[[ Information supplied, beginning ]]

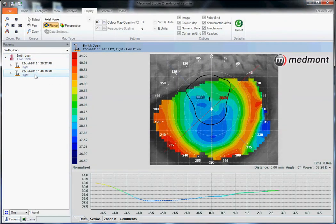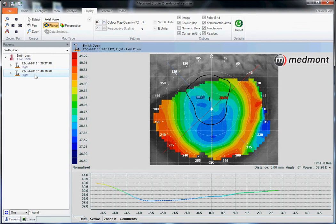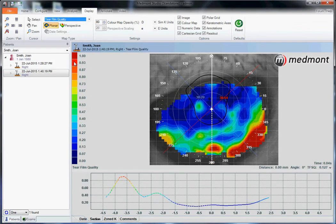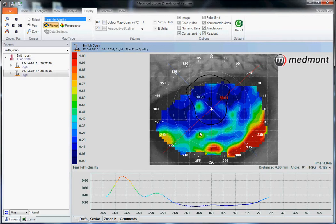And here's our tear film video. What we'll do is go to display and change from axial power to tear film quality. And this now uses the Medmont TFSQ or tear film surface quality assessment to determine the degree of this patient's dry eye.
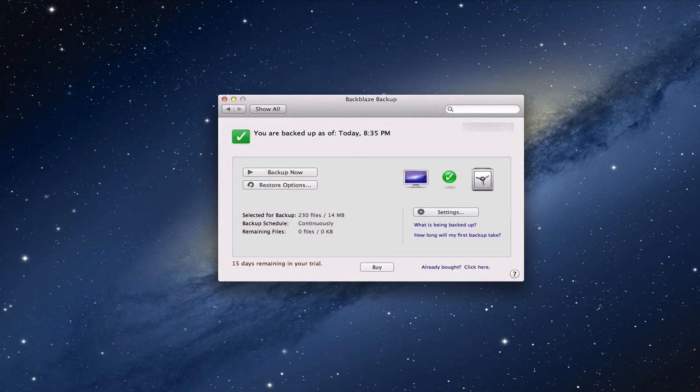It just kind of runs up here in the bar. You can click down and see what files need to be updated, and it really is a great set it and forget it kind of thing. For five bucks per computer with unlimited drives attached to it, it really is a very good deal and a really great service.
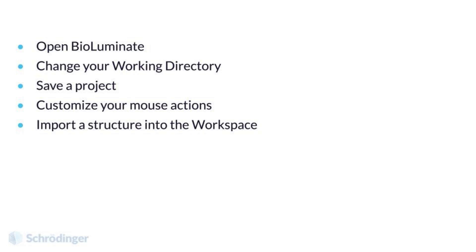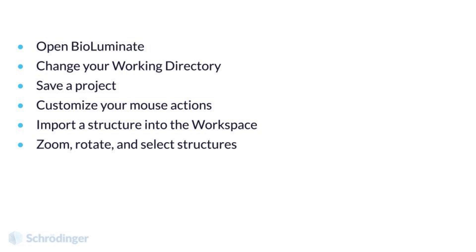You will also be able to import a structure into the workspace, as well as zoom, rotate, and select a structure. Let's get started. Please follow along to help remember the concepts you will cover. Feel free to pause this video or skip back to sections if needed.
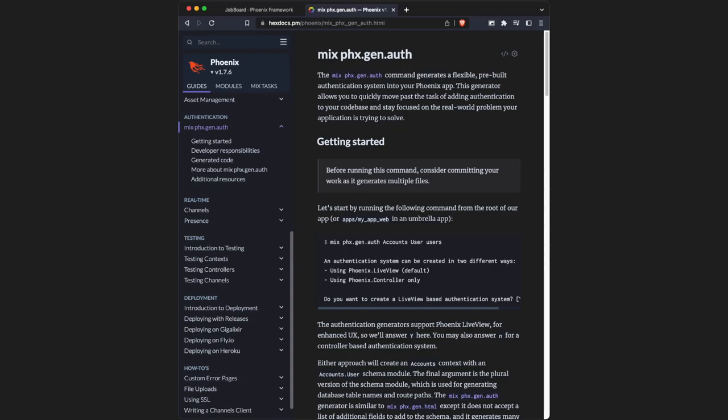Welcome back everyone. In this video, we're gonna be adding a signup and sign-in page to our Phoenix application. Luckily, Phoenix provides a generator that can do all of this in one command.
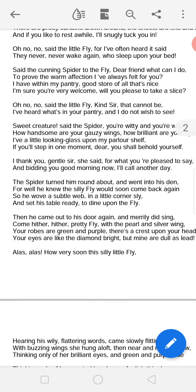Hearing this flattery, the fly could not resist. She says: 'I thank you, gentle sir, for what you've pleased to say — and bidding you good morning now, I'll call another day.' She thanks the spider and says she will visit another day, not today. The spider, hearing this, goes into his den — a dangerous place — because he well knew the silly fly would soon come back again.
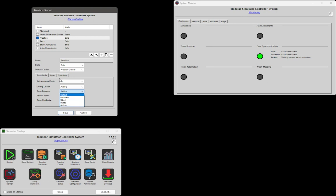Those are the settings for the assistants. As an example, during a practice session: the coach will be active, the engineer will be active, the spotter will be muted because a spotter during a practice session doesn't make much sense, and the strategist will be fully silent — it won't interact at all but will still collect data. That's one possible configuration.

[[ Information supplied, end ]]

Problem to solve: Transcribe exactly the lines above, beginning at the one with "Welcome back everyone." and going up to and including the one with "Hearing this flattery, the". Pictures do not belong in the copy.

Answer space:
Welcome back everyone. In this video, we're gonna be adding a signup and sign-in page to our Phoenix application. Luckily, Phoenix provides a generator that can do all of this in one command.
Hearing this flattery, the fly could not resist. She says: 'I thank you, gentle sir, for what you've pleased to say — and bidding you good morning now, I'll call another day.' She thanks the spider and says she will visit another day, not today. The spider, hearing this, goes into his den — a dangerous place — because he well knew the silly fly would soon come back again.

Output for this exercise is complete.